For the antenna circuit in the embodiment of the present invention, since the CDMA1X/GSM/WCDMA transceiving branch can transmit high frequency and/or low frequency signals, the first antenna 21 is a low frequency antenna, and the required space is large; only high-frequency signals are transmitted on the LTE transceiving branch, so the second antenna 22 is a high-frequency antenna, and the required space is small; the LTE diversity receiving branch only transmits high-frequency signals, so the third antenna 16 is a high-frequency antenna, and the required space is small; it can be seen that, two high-frequency antennas and one low-frequency antenna are included in the three antennas of the antenna circuit 200 for the SVLTE architecture shown in fig. 2, and more high-frequency antennas are included in the antenna circuit 200 for the SVLTE architecture, which can save the space required by the antennas and reduce the difficulty of antenna design.

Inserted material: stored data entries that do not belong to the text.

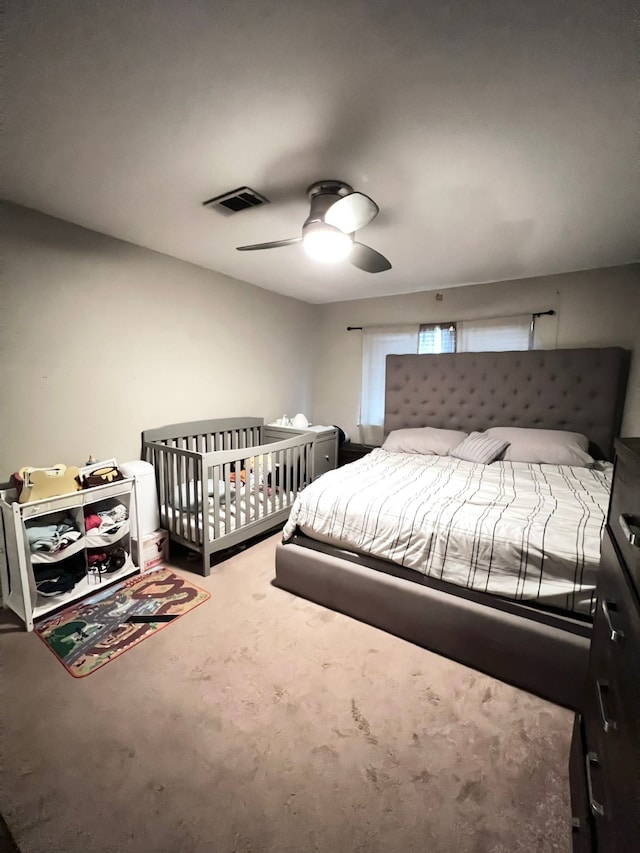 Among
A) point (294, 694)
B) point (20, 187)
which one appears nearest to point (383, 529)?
point (294, 694)

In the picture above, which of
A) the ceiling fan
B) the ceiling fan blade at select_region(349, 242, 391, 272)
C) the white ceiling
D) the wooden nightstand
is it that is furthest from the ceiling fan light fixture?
the wooden nightstand

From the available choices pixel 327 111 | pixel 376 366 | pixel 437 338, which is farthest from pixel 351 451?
pixel 327 111

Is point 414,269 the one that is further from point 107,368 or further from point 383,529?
point 107,368

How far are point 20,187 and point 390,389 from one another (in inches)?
128

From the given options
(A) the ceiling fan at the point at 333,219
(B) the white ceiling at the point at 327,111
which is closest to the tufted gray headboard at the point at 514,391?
(B) the white ceiling at the point at 327,111

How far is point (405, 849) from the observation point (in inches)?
39.8

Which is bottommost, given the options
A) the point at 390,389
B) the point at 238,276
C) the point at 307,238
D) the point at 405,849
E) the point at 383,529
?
the point at 405,849

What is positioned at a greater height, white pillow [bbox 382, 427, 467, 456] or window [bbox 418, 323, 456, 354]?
window [bbox 418, 323, 456, 354]

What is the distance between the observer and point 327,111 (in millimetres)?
1267

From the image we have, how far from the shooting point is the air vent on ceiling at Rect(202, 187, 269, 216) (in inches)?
71.5

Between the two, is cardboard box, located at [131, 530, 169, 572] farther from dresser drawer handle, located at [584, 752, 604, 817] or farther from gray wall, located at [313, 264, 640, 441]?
gray wall, located at [313, 264, 640, 441]

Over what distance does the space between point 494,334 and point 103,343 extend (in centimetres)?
338

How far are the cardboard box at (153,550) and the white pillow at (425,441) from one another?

The above description is only exemplary of the present invention and should not be taken as limiting the scope of the present invention, and any modifications, equivalents, improvements, etc. that are within the spirit and principle of the present invention should be included in the present invention.

Claims (8)

1. An antenna circuit for a SVLTE architecture, the antenna circuit comprising: the antenna comprises a first radio frequency switch, a second radio frequency switch, a first antenna and a second antenna; wherein,

the CDMA1X transceiving branch, the GSM transceiving branch and the WCDMA transceiving branch are connected to a first antenna through a first radio frequency switch;

the LTE transceiving branch is connected to the second antenna through the second radio frequency switch.

2. The antenna circuit of claim 1, wherein the first radio frequency switch comprises a common terminal, a first switch, a second switch, and a third switch;

the GSM receiving and transmitting branch is connected to a first antenna through a first switch and a public end;

the WCDMA transceiving branch is connected to a first antenna through a second switch and a public terminal;

the CDMA1X transceiving branch is connected to the first antenna through the common terminal by the third switch.

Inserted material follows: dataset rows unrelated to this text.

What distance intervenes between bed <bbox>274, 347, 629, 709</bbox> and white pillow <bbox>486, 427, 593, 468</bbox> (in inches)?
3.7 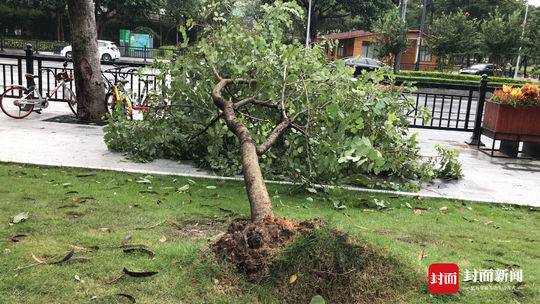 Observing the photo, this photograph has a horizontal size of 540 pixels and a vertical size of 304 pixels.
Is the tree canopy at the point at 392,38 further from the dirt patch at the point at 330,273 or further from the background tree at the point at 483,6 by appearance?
the dirt patch at the point at 330,273

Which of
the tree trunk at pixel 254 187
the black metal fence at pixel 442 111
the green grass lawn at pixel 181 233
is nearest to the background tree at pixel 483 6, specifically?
the black metal fence at pixel 442 111

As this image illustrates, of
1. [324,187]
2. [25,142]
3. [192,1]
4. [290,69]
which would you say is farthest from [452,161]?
[192,1]

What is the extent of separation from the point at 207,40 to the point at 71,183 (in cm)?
279

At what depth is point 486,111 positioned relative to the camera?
938cm

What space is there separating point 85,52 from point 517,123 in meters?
7.42

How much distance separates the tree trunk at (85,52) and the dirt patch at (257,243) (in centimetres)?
661

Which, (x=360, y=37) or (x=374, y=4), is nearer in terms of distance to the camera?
(x=374, y=4)

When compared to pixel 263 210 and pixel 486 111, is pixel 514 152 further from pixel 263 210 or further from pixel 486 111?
pixel 263 210

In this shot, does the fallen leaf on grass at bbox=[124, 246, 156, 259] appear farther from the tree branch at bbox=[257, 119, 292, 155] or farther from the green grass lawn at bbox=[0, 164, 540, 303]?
the tree branch at bbox=[257, 119, 292, 155]

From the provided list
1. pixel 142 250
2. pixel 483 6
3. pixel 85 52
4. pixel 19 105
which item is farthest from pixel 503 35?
pixel 142 250

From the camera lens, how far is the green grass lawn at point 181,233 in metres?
3.28

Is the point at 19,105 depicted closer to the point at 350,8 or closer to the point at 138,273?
the point at 138,273

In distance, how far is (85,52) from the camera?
357 inches

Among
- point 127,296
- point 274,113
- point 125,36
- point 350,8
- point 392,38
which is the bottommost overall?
point 127,296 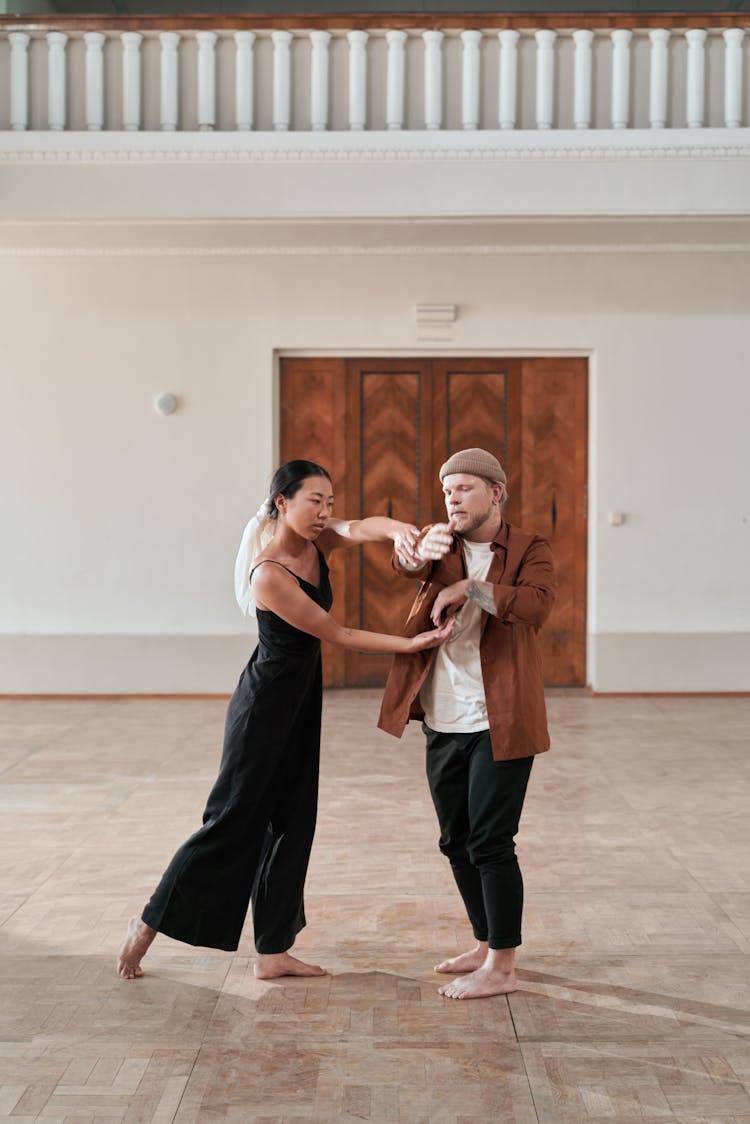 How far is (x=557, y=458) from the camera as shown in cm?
895

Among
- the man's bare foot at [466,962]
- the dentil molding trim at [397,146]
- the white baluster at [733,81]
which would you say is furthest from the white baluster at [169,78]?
the man's bare foot at [466,962]

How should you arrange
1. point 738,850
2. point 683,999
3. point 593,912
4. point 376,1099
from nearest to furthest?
point 376,1099 < point 683,999 < point 593,912 < point 738,850

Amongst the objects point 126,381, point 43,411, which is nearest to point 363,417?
point 126,381

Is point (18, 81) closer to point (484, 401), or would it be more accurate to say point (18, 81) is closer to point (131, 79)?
point (131, 79)

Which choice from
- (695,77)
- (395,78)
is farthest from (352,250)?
(695,77)

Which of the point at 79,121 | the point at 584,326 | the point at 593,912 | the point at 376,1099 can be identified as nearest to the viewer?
the point at 376,1099

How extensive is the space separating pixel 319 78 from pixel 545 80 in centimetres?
135

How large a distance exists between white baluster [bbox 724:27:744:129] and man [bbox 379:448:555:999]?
15.6ft

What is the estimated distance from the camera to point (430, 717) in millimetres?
3457

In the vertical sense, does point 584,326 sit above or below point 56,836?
above

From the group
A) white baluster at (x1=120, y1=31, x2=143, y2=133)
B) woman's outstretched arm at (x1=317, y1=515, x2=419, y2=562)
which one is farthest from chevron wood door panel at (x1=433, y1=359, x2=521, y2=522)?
woman's outstretched arm at (x1=317, y1=515, x2=419, y2=562)

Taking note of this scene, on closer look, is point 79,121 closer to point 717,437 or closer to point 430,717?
point 717,437

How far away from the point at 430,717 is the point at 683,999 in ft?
3.40

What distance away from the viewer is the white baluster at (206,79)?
7242 mm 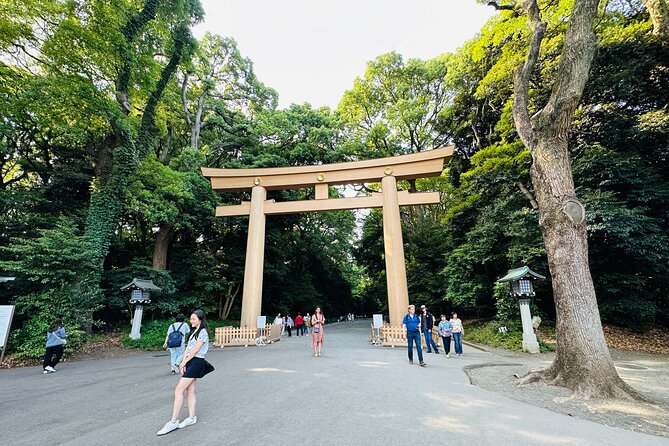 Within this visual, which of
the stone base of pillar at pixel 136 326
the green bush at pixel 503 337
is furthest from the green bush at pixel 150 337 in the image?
the green bush at pixel 503 337

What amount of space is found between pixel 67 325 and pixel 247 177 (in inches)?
339

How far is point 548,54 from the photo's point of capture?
12516mm

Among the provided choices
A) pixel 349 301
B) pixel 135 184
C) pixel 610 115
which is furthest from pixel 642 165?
pixel 349 301

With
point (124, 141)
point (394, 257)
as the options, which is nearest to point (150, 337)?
point (124, 141)

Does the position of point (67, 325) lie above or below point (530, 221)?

3. The antenna circuit according to claim 1 or 2, characterized in that the antenna circuit further comprises: a third radio frequency switch, a third antenna;

the LTE diversity receive branch is connected to the third antenna through a third radio frequency switch.

4. The antenna circuit of claim 3, wherein the first antenna is a low frequency antenna; the second antenna and the third antenna are high-frequency antennas.

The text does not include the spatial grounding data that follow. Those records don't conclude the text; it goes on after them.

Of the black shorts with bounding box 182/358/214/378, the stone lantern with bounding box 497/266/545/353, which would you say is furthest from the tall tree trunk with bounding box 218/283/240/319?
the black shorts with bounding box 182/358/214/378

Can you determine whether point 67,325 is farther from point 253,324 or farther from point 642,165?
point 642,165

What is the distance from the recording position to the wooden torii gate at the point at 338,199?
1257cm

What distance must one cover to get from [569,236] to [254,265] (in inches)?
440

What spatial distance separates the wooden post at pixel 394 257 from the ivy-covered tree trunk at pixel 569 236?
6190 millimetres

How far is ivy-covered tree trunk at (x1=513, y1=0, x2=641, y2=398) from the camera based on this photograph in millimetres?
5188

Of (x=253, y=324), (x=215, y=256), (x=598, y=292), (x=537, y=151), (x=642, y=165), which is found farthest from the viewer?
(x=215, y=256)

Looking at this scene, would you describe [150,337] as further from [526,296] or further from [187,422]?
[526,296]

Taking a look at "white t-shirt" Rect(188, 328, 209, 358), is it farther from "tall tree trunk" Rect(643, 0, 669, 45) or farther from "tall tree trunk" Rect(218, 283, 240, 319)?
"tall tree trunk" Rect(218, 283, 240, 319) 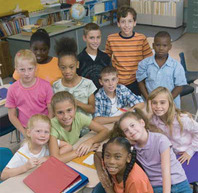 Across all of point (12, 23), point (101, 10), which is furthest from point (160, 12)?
point (12, 23)

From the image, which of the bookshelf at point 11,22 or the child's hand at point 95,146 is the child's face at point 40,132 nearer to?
the child's hand at point 95,146

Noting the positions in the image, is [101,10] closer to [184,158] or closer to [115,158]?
[184,158]

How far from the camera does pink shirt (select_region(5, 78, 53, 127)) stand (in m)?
2.31

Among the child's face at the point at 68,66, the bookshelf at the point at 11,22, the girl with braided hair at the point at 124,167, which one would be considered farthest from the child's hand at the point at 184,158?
the bookshelf at the point at 11,22

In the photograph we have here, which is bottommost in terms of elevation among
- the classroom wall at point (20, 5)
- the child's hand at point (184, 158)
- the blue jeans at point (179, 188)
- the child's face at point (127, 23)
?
the blue jeans at point (179, 188)

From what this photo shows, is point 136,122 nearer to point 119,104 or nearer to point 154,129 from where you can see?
point 154,129

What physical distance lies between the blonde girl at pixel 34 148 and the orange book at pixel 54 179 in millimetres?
97

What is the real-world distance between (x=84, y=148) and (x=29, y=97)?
2.26 ft

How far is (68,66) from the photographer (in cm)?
232

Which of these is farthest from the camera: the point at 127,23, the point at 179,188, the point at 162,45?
the point at 127,23

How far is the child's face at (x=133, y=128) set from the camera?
181cm

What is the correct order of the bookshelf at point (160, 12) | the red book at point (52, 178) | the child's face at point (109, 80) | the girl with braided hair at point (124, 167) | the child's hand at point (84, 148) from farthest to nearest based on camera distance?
the bookshelf at point (160, 12) → the child's face at point (109, 80) → the child's hand at point (84, 148) → the red book at point (52, 178) → the girl with braided hair at point (124, 167)

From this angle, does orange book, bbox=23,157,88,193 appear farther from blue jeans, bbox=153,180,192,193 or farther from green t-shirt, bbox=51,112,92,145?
blue jeans, bbox=153,180,192,193

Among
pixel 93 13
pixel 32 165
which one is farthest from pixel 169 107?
pixel 93 13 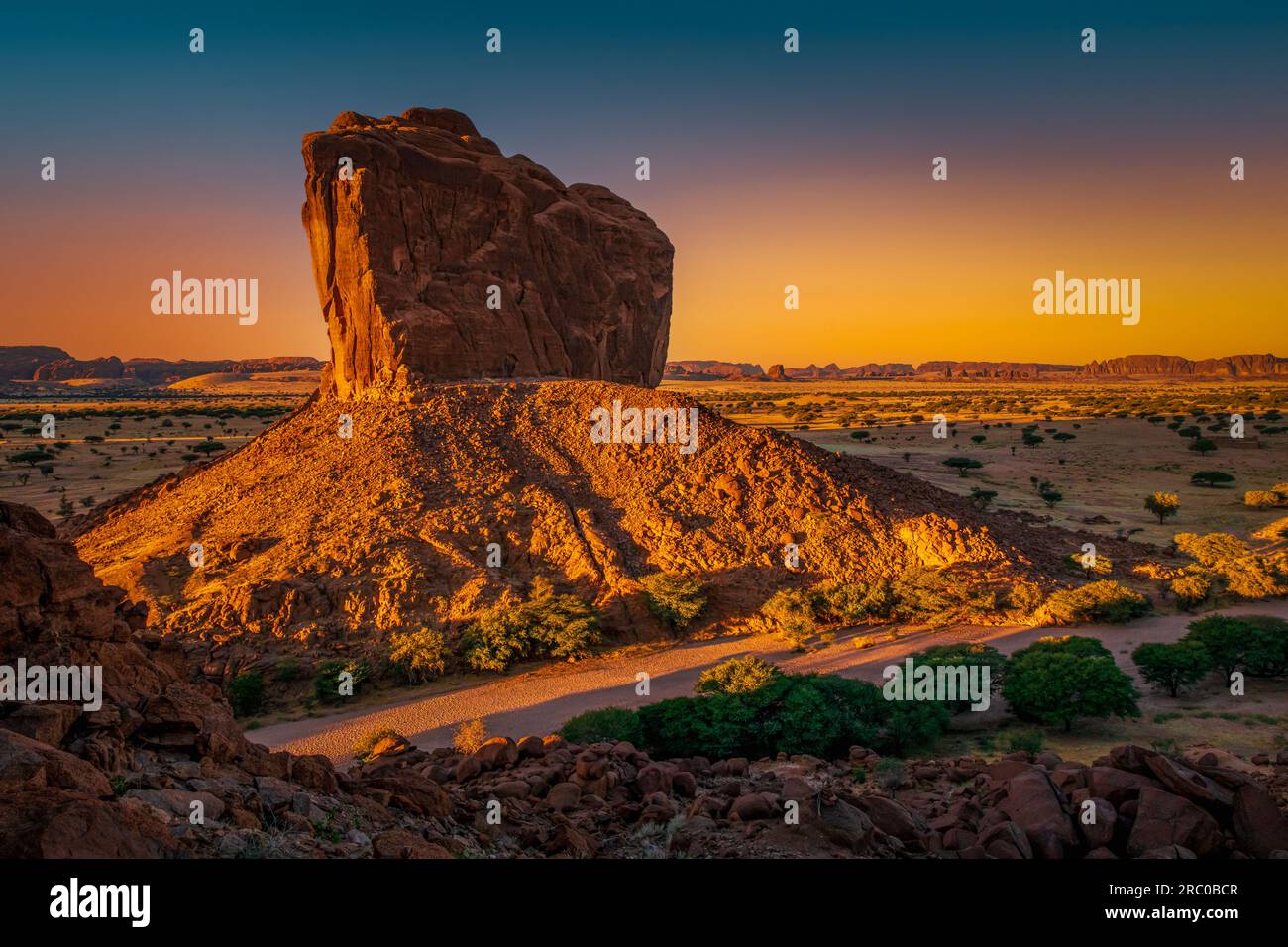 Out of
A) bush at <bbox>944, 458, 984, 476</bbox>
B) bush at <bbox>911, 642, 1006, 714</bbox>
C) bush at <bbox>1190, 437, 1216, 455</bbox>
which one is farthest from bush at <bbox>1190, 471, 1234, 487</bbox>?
bush at <bbox>911, 642, 1006, 714</bbox>

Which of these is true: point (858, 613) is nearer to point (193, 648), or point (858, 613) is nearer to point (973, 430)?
point (193, 648)

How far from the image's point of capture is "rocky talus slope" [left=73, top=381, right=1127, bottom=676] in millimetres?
28203

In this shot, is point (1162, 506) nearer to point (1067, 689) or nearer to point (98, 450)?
point (1067, 689)

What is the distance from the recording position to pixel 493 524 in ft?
104

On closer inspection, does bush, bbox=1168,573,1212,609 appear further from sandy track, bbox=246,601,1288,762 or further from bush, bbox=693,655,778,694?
bush, bbox=693,655,778,694

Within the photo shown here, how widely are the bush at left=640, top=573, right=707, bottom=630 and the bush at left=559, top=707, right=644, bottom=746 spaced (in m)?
9.26

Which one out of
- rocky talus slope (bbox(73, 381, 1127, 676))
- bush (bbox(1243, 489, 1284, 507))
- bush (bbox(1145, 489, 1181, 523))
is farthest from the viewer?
bush (bbox(1243, 489, 1284, 507))

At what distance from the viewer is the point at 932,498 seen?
37844 mm

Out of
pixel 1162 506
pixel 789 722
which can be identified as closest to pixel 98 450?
pixel 789 722

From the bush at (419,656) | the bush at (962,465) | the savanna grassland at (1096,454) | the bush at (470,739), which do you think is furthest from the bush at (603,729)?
the bush at (962,465)

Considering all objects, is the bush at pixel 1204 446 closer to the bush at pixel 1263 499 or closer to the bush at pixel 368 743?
the bush at pixel 1263 499

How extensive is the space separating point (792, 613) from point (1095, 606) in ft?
37.8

5. An implementation method of an antenna circuit for a SVLTE architecture, the method comprising:

connecting the CDMA1X transceiving branch with the GSM transceiving branch and the WCDMA transceiving branch together to a first antenna through a first radio frequency switch;

and connecting the LTE transceiving branch to a second antenna through a second radio frequency switch.

6. The method of claim 5, further comprising: and connecting the LTE diversity receiving branch to a third antenna through a third radio frequency switch.

7. The method of claim 6, wherein the first antenna is a low frequency antenna; the second antenna and the third antenna are high-frequency antennas.

8. A mobile terminal, characterized in that it comprises an antenna circuit according to any of claims 1 to 4.